Ferrer dudó un instante y luego dijo, con voz firme:

—Me gustaría simplemente que no me obligarais a arrodillarme ni a dar la espalda al piquete. Y que no me vendéis los ojos.

Los oficiales intercambiaron impresiones en voz baja y acabaron concediéndole a medias su petición: que muriera de pie y de cara, si quería, pero con los ojos vendados y las manos atadas a la espalda. Pablo vio cómo llevaban a Ferrer hasta el final del foso, junto al muro, y cómo se resignaba a ser cegado y maniatado, mientras el pelotón de fusilamiento se situaba frente a él y los soldados se persignaban antes de disparar. Finalmente, tras la voz de «Apunten», pudo escuchar con nitidez la última frase que pronunció el pedagogo anarquista:

—¡Muchachos, vosotros no tenéis la culpa, apuntad bien y disparad sin miedo! ¡Soy inocente! ¡Viva la Escuela Moderna!

El estampido de las detonaciones hizo cerrar los ojos a Pablo. Cuando se atrevió a abrirlos de nuevo, el cuerpo de Ferrer Guardia yacía ya en el suelo, con el cráneo perforado a balazos y listo para ser enterrado en una fosa común, por ateo y por impenitente. Eran las nueve y un minuto de la mañana.

El pueblo barcelonés reaccionó a la ejecución de manera inmediata, aunque tímida, pues aún estaba fresco el fracaso de la Semana Trágica: lo más destacado fueron algunos disturbios callejeros y la explosión de un puñado de artefactos, uno de ellos en la calle del Cid, a pocos metros del albergue municipal que había cobijado a Pablo al llegar a Barcelona. También la clase política más progresista dejó entrever su malestar y el diputado republicano Rodrigo Soriano llegó a pronunciar en un mitin celebrado en Valencia estas proféticas palabras:

—Al fusilar a Ferrer, el Gobierno ha firmado su propia sentencia de muerte.

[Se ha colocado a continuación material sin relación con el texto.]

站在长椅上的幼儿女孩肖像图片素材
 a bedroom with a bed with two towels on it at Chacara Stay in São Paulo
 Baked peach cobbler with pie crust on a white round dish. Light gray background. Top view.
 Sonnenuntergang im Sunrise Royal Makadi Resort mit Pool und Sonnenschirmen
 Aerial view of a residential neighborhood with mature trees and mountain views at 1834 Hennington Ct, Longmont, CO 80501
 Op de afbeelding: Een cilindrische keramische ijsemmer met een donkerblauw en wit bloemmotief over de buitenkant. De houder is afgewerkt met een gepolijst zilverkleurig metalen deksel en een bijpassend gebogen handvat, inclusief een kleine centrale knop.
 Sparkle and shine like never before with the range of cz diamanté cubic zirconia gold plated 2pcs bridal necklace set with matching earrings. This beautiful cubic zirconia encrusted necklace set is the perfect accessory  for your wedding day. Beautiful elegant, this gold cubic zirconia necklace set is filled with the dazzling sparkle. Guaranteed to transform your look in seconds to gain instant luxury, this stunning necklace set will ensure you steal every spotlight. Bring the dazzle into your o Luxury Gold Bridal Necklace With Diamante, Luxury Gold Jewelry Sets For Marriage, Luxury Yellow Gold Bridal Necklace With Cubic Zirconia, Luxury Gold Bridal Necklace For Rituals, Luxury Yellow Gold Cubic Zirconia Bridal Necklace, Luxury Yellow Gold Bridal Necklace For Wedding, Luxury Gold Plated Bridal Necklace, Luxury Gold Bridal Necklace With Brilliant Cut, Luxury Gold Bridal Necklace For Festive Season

Y no se equivocaba: el 23 de octubre los liberales volverían a tomar el poder, con Segismundo Moret a la cabeza. Pocos días antes, Pablo había hecho una promesa, tras la honda impresión que le había causado el asesinato legal de Ferrer: en cuanto encontrase al amor de su vida dedicaría las fuerzas que le quedaran a combatir a un gobierno que mandaba fusilar a sus hombres más brillantes. Cuán largo me lo fiáis, habría dicho Maura de haber sabido sus intenciones: y es que si al presidente tan sólo le quedaban diez días en el cargo, a Pablo le esperaban tres años de servicio sin saber nada de Ángela.